Long viewed with disdain by environmentalists, plastic bags could be banned under bills that will be considered during Florida's 2016 legislative session.
The bills would allow small communities in coastal areas to enact temporary plastic bag bans as part of a 2.5 year pilot program. While the details of the bans would be up to the communities themselves, advocates say the most common source of plastic bags — grocery stores — would likely be ordered to provide customers with recycled paper or biodegradable bags instead.
"They last a really long time — they don't break down easily — and at the same time, they cause real problems for wildlife," Julie Wraithmell, an environmentalist with Audubon Florida, said of plastic bags. "Some things, like turtles, will mistake them for food and consume them, other species become entangled in them, so they last for a long, long time and have this ripple effect."
The legislation is modeled on a California policy that allows cities and counties to enact plastic bag bans.

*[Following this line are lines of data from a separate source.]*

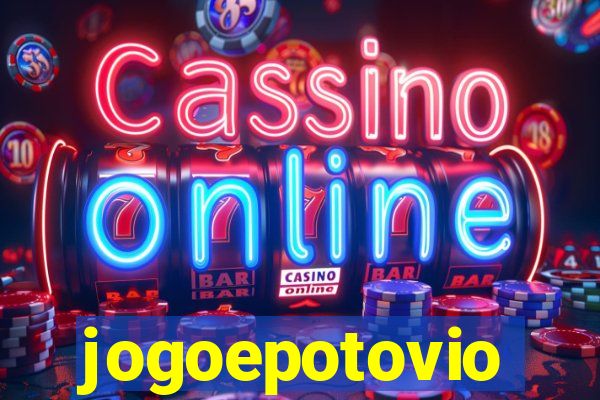 jogoepotovio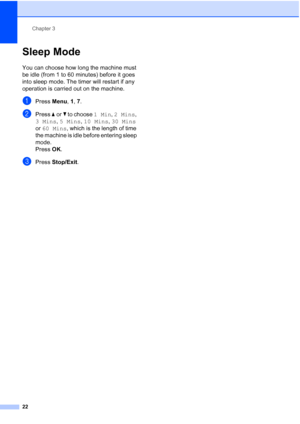 Page 36Chapter 3
22
Sleep Mode3
You can choose how long the machine must 
be idle (from 1 to 60 minutes) before it goes 
into sleep mode. The timer will restart if any 
operation is carried out on the machine.
aPress Menu, 1, 7.
bPress aorb to choose 1 Min, 2 Mins, 
3 Mins, 5 Mins, 10 Mins, 30 Mins 
or 60 Mins, which is the length of time 
the machine is idle before entering sleep 
mode.
Press OK.
cPress Stop/Exit.
 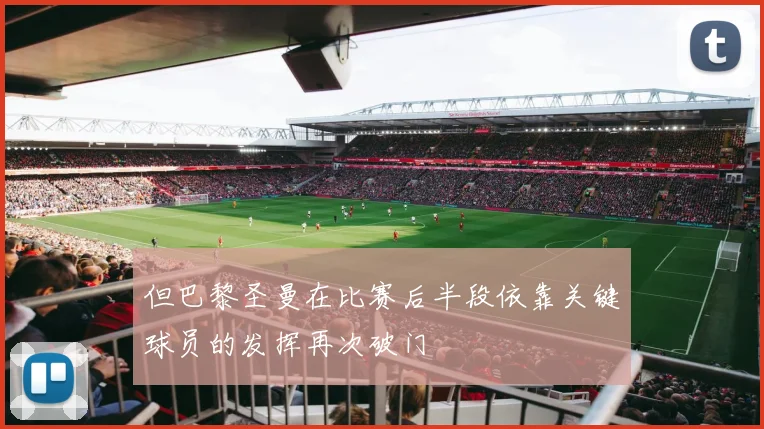 但巴黎圣曼在比赛后半段依靠关键球员的发挥再次破门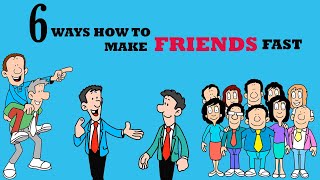 6 Ways How To Make Friends Fast Making Better Friend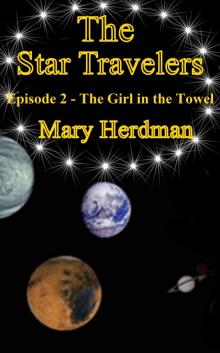     The Star Travelers Episode 2 - The Girl in the Towel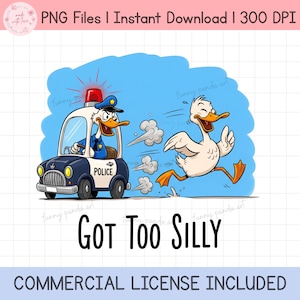 Got Too Silly Goose PNG, Funny Goose Design,geese png, goose bumps png, funny goose clipart, Goose Digital Download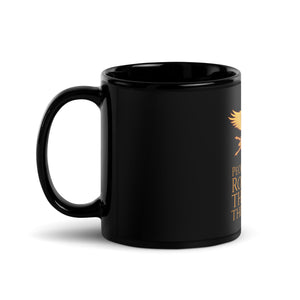 People Called Romanes They Go The House - Ancient Rome Black Glossy Mug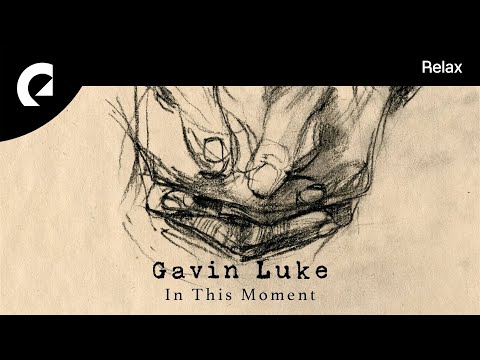 Gavin Luke - In This Moment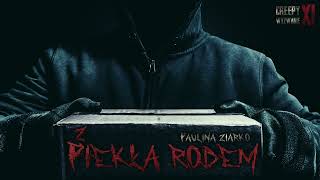 Z Piekła Rodem  CreepyPasta CreepyWyzwanie XI gr C [upl. by Catlaina]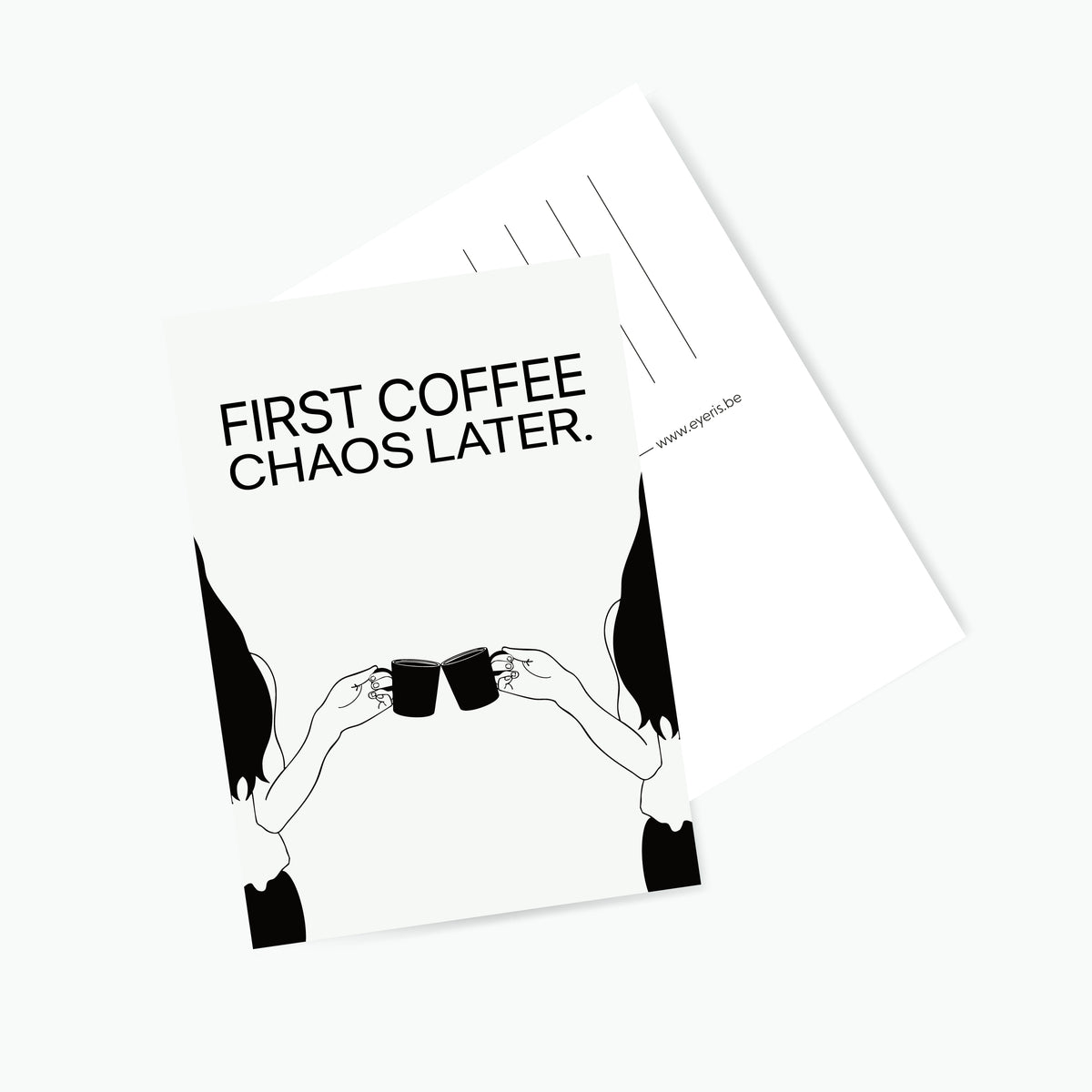 Postkaart First Coffee Chaos Later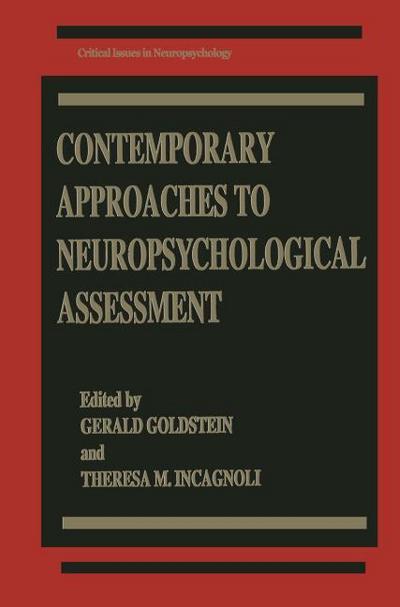 Contemporary Approaches to Neuropsychological Assessment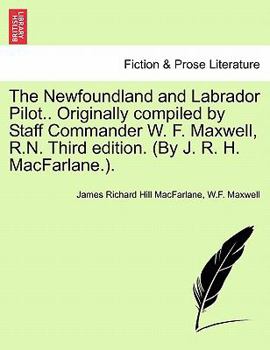 Paperback The Newfoundland and Labrador Pilot.. Originally compiled by Staff Commander W. F. Maxwell, R.N. Third edition. (By J. R. H. MacFarlane.). Book
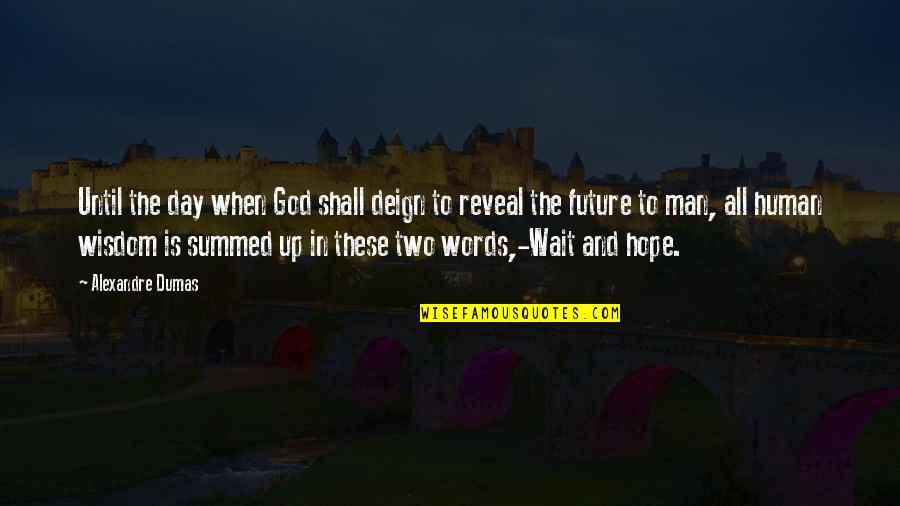 Wait For The Future Quotes By Alexandre Dumas: Until the day when God shall deign to Wait For The Future Quotes By Alexandre Dumas: Until the day when God shall deign to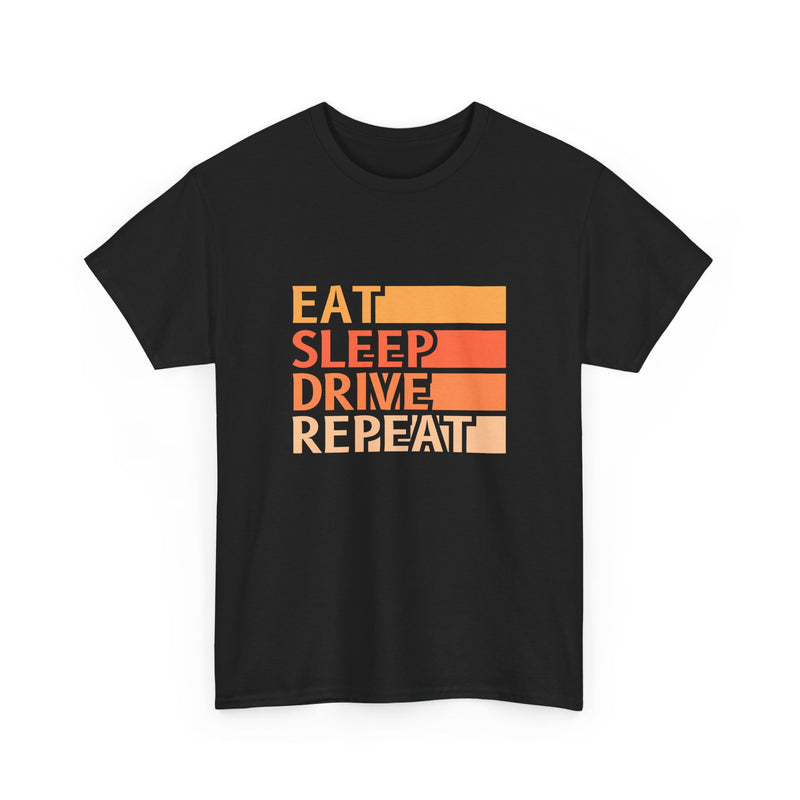 Eat Sleep Drive Repeat Unisex Heavy Cotton Tee - Perfect for Car Enthusiasts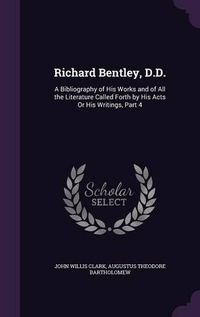 Cover image for Richard Bentley, D.D.: A Bibliography of His Works and of All the Literature Called Forth by His Acts or His Writings, Part 4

So far, more than 100 have done so, with a 2012 study showing that 89 percent fewer plastic bags are being found in San Jose's storm drains. California's legislature recently passed a statewide plastic bag ban, but it is on hold pending the outcome of a 2016 ballot proposition campaign seeking to overturn the ban.
Critics, including the plastic industry, are assailing plastic bag bans as job-killing policies that do little to improve the environment.